K. Armstrong (31 January 1972 – 5 July 2024) was an Indian lawyer and politician from the state of Tamil Nadu. He was the state president of Tamil Nadu unit of the Bahujan Samaj Party. An Ambedkarite Buddhist, Armstrong was known as a prominent Dalit social and political activist in the state.

He was assassinated outside his residence on 5 July 2024. His murder led to protests and public demonstrations in parts of Tamil Nadu, with Dalit organisations and political leaders demanding justice and highlighting violence against Dalits.

== Early and Personal life ==
Armstrong was born and brought up in Chennai’s Perambur to M. Krishnan and Lily. His father was a supporter of Periyar and Dravida Kazhagam. After studying law from Sri Venkateswara University, Tirupati, he began practising in the Chennai courts.
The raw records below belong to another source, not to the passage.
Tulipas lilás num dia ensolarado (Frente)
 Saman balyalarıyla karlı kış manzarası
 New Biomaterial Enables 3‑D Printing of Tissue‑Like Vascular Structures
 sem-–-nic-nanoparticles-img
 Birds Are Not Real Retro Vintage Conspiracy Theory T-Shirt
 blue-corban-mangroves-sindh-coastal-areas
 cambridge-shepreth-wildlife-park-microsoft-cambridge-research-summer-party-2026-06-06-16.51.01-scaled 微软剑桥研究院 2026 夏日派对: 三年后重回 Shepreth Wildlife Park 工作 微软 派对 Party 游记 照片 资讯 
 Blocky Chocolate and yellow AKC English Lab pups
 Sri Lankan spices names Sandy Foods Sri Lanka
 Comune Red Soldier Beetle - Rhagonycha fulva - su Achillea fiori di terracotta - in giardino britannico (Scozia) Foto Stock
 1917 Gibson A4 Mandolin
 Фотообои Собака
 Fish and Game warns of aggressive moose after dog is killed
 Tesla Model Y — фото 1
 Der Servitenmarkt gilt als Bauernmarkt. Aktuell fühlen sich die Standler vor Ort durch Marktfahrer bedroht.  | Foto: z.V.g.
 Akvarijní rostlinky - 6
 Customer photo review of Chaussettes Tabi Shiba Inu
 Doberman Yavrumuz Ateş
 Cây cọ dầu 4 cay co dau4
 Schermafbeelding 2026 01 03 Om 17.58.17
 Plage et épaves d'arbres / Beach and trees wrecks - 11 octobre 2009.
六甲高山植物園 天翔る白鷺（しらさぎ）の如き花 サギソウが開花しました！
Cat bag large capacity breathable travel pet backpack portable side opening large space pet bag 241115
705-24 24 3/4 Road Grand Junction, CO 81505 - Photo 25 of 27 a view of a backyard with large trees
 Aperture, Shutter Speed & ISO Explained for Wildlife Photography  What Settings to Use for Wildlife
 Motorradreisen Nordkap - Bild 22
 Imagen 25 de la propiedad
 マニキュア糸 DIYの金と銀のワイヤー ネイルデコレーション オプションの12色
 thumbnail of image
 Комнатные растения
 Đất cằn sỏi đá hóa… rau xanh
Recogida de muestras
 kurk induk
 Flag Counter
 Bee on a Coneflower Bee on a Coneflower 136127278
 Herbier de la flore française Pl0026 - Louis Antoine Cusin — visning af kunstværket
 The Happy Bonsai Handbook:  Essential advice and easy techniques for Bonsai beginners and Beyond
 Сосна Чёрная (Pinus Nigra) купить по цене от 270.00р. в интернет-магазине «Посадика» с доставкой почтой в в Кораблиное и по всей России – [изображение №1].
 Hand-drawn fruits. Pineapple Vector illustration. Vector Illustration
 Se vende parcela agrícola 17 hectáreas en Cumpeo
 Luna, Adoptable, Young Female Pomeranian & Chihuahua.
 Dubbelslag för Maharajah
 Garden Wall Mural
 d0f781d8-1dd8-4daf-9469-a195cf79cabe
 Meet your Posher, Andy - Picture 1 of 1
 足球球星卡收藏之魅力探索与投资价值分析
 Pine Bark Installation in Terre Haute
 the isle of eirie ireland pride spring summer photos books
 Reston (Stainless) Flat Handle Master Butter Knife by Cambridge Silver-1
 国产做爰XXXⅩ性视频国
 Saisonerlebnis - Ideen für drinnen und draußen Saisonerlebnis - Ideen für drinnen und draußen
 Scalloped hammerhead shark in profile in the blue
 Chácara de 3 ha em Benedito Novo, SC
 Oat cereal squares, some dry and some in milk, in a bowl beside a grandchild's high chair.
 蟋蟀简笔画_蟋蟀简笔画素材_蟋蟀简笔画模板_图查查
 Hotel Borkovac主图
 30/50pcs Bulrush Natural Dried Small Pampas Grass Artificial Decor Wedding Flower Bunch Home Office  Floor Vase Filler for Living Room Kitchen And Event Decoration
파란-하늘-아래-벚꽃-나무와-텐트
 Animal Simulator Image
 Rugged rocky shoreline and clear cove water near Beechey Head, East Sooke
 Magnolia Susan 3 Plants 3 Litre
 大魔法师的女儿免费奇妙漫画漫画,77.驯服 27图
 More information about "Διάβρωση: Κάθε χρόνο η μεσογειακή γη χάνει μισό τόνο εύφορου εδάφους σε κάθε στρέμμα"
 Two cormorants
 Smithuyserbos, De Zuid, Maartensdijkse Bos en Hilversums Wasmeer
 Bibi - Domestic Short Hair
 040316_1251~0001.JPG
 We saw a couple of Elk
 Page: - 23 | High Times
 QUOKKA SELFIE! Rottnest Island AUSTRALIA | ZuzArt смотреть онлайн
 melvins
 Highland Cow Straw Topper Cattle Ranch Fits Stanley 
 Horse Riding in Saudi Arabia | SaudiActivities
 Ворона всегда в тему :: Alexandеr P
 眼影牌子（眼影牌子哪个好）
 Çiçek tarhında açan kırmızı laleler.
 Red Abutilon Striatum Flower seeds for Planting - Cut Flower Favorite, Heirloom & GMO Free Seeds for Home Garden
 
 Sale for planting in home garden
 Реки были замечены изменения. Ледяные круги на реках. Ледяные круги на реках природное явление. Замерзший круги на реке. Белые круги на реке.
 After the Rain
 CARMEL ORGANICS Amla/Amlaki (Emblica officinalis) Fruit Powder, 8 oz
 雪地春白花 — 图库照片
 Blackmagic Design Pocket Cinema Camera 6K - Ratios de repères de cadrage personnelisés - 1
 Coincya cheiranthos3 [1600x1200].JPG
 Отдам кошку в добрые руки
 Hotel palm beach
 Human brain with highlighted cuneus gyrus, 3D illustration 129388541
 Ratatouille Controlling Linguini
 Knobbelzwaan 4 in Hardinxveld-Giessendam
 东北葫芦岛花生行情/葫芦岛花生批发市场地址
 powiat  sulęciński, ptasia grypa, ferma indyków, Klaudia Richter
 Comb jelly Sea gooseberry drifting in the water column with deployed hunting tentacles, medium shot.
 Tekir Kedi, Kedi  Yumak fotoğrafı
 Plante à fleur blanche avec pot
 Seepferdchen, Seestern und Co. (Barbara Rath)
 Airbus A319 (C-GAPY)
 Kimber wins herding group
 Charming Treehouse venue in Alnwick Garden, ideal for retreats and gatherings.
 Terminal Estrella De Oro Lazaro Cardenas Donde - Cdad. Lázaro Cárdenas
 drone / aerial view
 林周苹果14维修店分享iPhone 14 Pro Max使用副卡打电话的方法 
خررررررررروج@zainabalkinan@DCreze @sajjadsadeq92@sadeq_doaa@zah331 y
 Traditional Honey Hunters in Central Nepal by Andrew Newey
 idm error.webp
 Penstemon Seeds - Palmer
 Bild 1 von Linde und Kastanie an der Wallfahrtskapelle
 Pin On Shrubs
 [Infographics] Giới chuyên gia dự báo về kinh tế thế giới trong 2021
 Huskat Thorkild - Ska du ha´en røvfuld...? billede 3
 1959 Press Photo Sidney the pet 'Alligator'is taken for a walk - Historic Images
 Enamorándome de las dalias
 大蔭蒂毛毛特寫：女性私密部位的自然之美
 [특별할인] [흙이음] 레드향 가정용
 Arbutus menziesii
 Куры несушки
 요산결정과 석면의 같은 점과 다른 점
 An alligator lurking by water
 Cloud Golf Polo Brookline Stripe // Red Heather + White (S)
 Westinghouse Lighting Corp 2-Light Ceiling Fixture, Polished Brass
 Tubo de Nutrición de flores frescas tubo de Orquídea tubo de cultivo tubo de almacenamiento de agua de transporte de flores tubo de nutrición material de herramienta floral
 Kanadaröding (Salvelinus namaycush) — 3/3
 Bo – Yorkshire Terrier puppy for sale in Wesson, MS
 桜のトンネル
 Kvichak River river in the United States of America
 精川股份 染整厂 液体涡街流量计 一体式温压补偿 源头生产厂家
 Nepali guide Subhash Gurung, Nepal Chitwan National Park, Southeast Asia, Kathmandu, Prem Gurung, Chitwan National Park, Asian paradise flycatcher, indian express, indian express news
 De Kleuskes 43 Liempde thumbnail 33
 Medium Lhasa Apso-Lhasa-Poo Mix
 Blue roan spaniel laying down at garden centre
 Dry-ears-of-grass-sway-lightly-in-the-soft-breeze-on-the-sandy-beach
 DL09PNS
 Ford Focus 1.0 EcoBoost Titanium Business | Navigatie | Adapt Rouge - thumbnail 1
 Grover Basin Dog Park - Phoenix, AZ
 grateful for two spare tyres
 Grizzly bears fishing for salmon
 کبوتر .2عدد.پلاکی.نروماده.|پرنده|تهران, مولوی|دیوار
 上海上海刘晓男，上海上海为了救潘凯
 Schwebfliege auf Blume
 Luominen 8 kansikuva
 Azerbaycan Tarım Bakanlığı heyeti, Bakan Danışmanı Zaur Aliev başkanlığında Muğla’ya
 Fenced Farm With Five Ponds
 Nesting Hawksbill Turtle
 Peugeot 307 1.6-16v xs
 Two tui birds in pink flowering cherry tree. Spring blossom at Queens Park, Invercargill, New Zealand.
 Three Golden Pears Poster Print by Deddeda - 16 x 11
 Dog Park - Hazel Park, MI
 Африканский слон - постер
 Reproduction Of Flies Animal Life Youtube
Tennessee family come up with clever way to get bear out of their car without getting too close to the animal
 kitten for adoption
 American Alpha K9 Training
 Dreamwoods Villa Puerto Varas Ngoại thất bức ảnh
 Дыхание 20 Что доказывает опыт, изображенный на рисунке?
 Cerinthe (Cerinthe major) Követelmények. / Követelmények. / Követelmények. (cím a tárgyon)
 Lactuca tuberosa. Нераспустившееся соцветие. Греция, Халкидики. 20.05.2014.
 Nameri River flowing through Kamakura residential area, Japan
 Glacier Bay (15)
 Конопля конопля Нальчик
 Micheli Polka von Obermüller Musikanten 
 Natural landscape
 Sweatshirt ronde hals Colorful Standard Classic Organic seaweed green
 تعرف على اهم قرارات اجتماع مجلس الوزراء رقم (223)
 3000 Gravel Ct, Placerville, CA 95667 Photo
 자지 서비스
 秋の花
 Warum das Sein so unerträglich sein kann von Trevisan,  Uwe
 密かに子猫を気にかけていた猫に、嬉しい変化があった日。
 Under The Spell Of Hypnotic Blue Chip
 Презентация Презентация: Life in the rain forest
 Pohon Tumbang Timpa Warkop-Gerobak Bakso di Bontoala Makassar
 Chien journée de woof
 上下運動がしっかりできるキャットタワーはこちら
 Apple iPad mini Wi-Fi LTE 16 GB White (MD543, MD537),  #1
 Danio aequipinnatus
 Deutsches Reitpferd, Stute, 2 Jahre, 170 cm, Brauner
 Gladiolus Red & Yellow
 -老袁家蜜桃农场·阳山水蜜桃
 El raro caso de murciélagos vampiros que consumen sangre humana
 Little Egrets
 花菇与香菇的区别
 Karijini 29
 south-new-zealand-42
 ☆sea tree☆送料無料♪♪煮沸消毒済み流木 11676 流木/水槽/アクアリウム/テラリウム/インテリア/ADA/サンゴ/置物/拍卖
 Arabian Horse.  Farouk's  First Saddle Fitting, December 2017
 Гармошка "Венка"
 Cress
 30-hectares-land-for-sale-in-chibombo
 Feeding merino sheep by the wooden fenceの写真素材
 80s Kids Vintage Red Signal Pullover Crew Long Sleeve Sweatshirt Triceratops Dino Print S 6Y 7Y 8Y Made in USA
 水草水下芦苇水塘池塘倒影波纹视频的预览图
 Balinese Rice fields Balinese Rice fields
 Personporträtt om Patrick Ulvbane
Armstrong enrolled with the Bar Council of Tamil Nadu in 2009, a year after his childhood friend Porkodi had registered. On 6 March 2016, he married Porkodi (born 8 August 1974) in a ceremony attended by 50 Buddhist monks from various South Asian countries; on the same occasion, he embraced Buddhism. On 14 March 2023, the couple had a daughter named Savitribai, after seven years of marriage.

==Political career==
In 2000, he joined active politics with the Puratchi Bharatham Katchi under the leadership of Poovai Murthy. In 2006, he contested as an independent candidate and was elected from a ward in North Chennai as a councillor in the Chennai Municipal Corporation elections. Subsequently he joined the BSP on 24 September 2007 and was made the state unit president.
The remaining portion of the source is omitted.